• Data shown
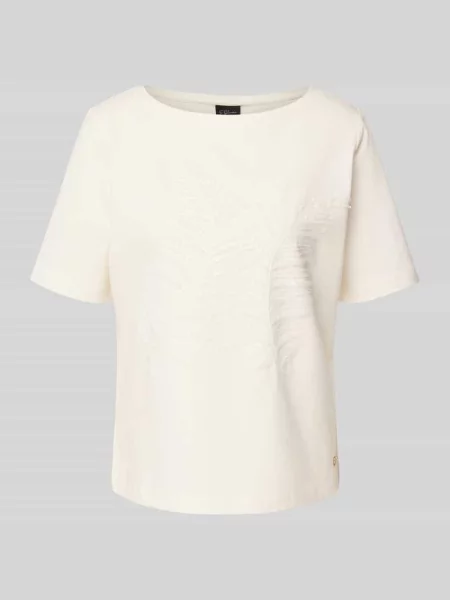 T-shirt o kroju comfort fit z mieszanki bawełny S.oliver Black Label biała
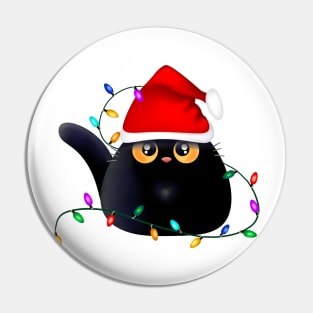 Christmas Black Cat with lights Pin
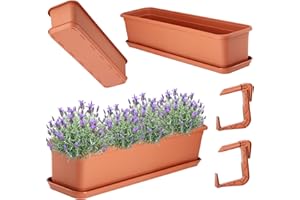 KADAX Jardinière 60 cm avec sous-plat et support, Terre cuite – Pot de fleurs pour balcon en plastique, Pot de fleurs pour intérieur et extérieur, Pot de fleurs pour balcon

• Work instruction
I'd like the material repeated word for word, without the pictures it holds.

• Task output
 T-shirt o kroju comfort fit z mieszanki bawełny S.oliver Black Label biała
 Christmas Black Cat with lights Pin
 KADAX Jardinière 60 cm avec sous-plat et support, Terre cuite – Pot de fleurs pour balcon en plastique, Pot de fleurs pour intérieur et extérieur, Pot de fleurs pour balcon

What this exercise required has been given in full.